Just my 5 cents worth,

PS. BTW. Nice to see you're back on blogging again.

Jim said...

I don't have the Syria 106 misprint error, the Colombia E1 special delivery, or the Cape Juby values.

Fortunately, the Colombia E1 was dropped by the '69 editors, so I'm O.K. with that one. ;-)

I did find another possible "hard to find" value..

From the Nicaragua blog..

1894 Scott "65B" 25c yellow green (Type A9)

Look for this illustrated 25c yellow green "Victory" stamp to fill a space in BB.

There was an 1894 25c yellow green "Victory" stamp produced during the Seebeck era, but Scott now believes it only had telegraph duty, not postal duty. Therefore there is no Scott number now assigned to the stamp, although my '47 Scott has "65B" for it, and valued it in italics @ $5. Just based on inflation, that would be a value of $50 today.

And BB has a space designated for this stamp.

I did manage to find one after some searching, but suspect the stamp is "neglected" in albums, even if an owner has one, as it is no longer listed in Scott.

Bob said...

Keijo, I'm still in limbo on my collecting, so the sudden flurry of posts is a black swan event. Nothing to see here, no need to panic.

Interesting observation about how much more easy it is these days to realize how many forgeries there are out there, not to mention regums, reperfs, repairs, and other attempts to defraud.

Jim, I do own the Nicaragua 65B and even have "telegraph" printed in pencil above the space.
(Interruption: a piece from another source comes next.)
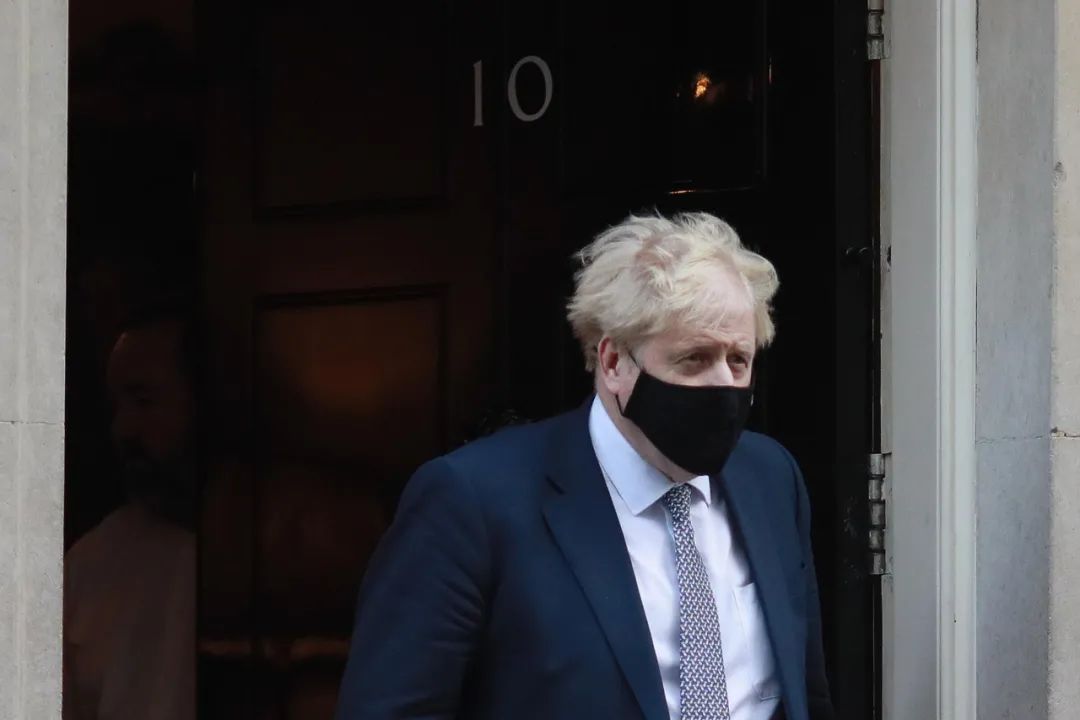 1月12日，英国首相约翰逊离开伦敦唐宁街10号首相府前往议会下院。新华社发（蒂姆·爱尔兰摄）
I don't remember buying it so I assume it came as part of an album. Your comment suggests that it would be nice to have a list of stamps in the Blue that have been dropped from the catalog. The first stamp I found like this was Angola Ceres 129/130. I wonder if the latest Scott Classic Catalogues have these two sorted out?

DrewM said...

Thanks for this terrific article. Now I know some of the tough ones to look for.

You note that "Syria Scott 106a (the Syrian misprint described above)" is difficult to find. But in your list at the bottom, you refer to Syria 106c. Is that a different stamp - or (ironically) a "misprint" of your making?

Thanks and keep up the great articles which I always find helpful and interesting.

Bob said...

Drew, thanks for mentioning this. Syria 106c was renumbered by Scott in the not too distant past to 106a.

Rand said...

Syria Sc 106a is the inverted surcharge cataloging $27.50.

Syria Sc 106c is the 25c on 10c green cataloging $240.

Rand said...

The Colombia Sc E1 that Ant.Ra shows is a half sheet of 30 stamps.